In the chapter on “Plato and Aristotle” in the Lectures on the History of Philosophy, Hegel praises Aristotle's work for displaying a principle of “pure subjectivity” that, by contrast, he considers largely absent from the Platonic corpus:
In general, Platonic thinking [das Platonische] represents objectivity, but it lacks a principle of life, a principle of subjectivity; and this principle of life, of subjectivity, not in the sense of a contingent, merely particular subjectivity, but in the sense of pure subjectivity, is proper to Aristotle.
(W 19: 153)Elsewhere and repeatedly, Hegel refers to Aristotelian conceptions of organic life and of thinking – especially from the Metaphysics and the De Anima – as the first speculative insights to be found in the history of (Western) philosophy.

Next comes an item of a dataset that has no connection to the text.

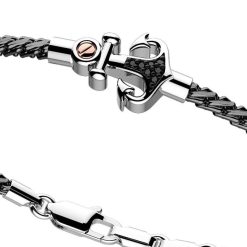 Bracelets | Zancan Gioielli Zancan Silver Bracelet With Anchor And Black Stones. Blanc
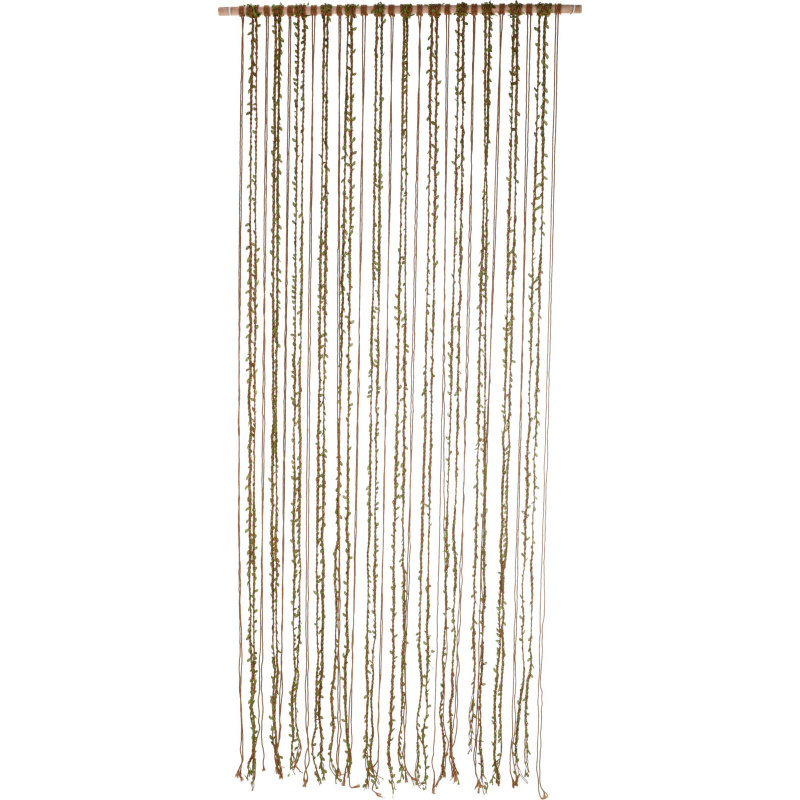 marka niezdefiniowana Korálkové závěsy MACRAME, listi, 90 x 200 cm zelená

A “speculative insight” in Hegel's sense may be characterized in a general way as grasp of the thinking subject's theoretical and practical relation to itself, that is, as theoretical self-knowing and practical self-will. “Speculative” is any concept that grasps (holds together intelligibly) what other kinds of cognition keep asunder, for example, the subjective and objective dimensions of a phenomenon or a state of affairs. But even independently of a detailed analysis of the meaning of speculative insight or a speculative principle, one is struck by the apparent inconsistency of these claims on Aristotle with Hegel's overall view of the logically necessary stages of philosophical thinking in history.